TASK INSTRUCTIONS:
Starting at the line that contains "Hotel Caldas da", transcribe each line exactly through the end of the data below, and skip any pictures.

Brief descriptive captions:
:::::
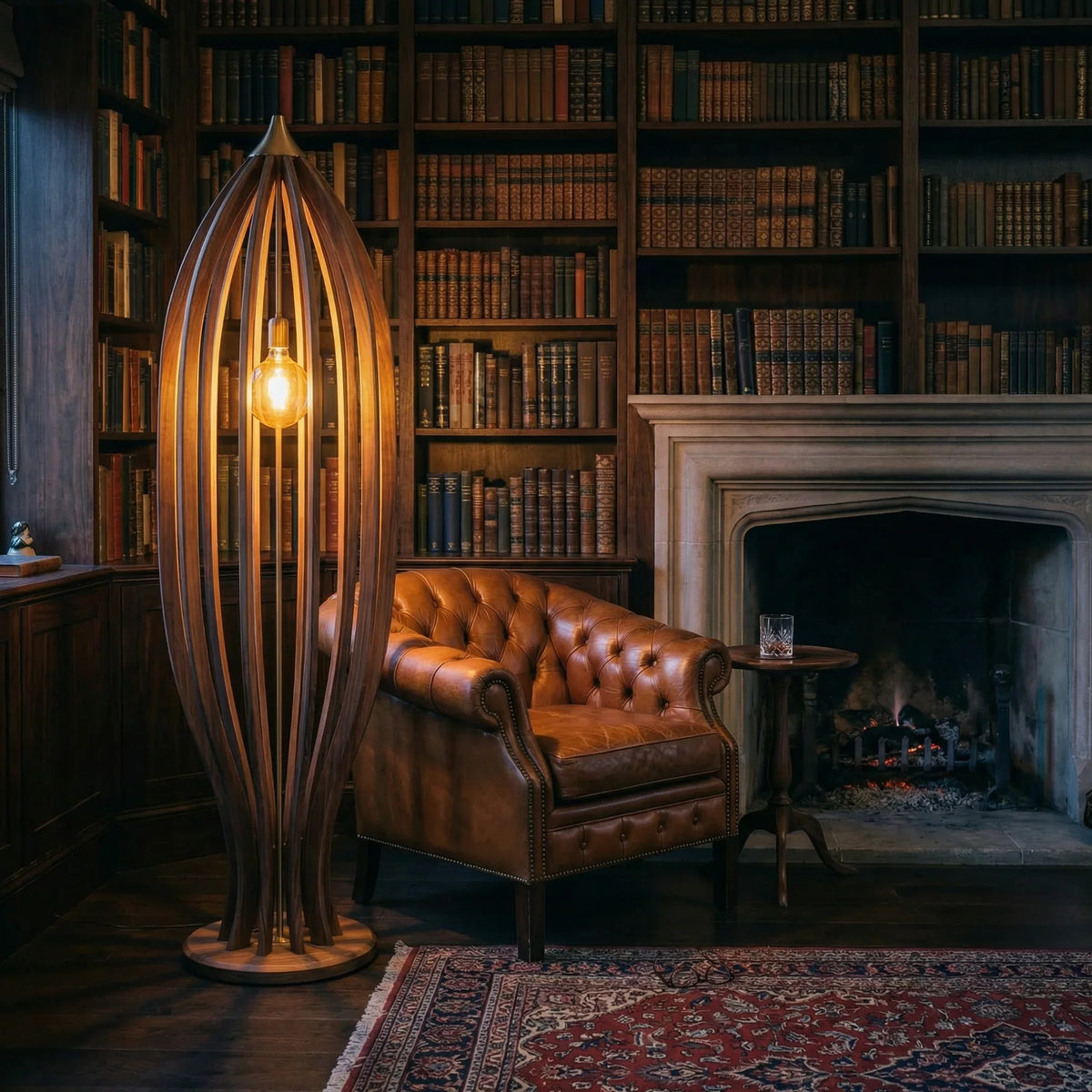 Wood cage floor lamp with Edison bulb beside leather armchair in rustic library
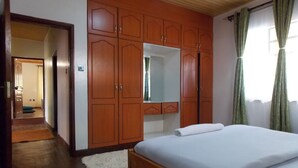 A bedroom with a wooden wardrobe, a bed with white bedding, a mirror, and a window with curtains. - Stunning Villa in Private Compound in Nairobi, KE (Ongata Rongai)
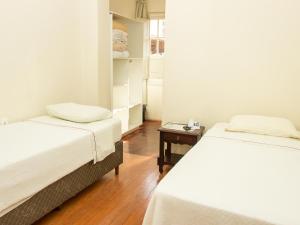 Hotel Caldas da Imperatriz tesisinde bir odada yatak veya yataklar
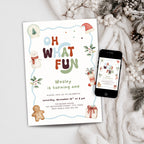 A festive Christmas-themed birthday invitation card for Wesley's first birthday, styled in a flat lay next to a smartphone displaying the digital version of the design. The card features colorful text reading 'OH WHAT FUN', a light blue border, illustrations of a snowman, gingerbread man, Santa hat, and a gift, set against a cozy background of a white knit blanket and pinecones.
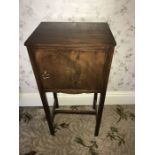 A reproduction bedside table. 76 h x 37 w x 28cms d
:::::
YOUR SOLUTION:
 Hotel Caldas da Imperatriz tesisinde bir odada yatak veya yataklar
 A festive Christmas-themed birthday invitation card for Wesley's first birthday, styled in a flat lay next to a smartphone displaying the digital version of the design. The card features colorful text reading 'OH WHAT FUN', a light blue border, illustrations of a snowman, gingerbread man, Santa hat, and a gift, set against a cozy background of a white knit blanket and pinecones.
 A reproduction bedside table. 76 h x 37 w x 28cms d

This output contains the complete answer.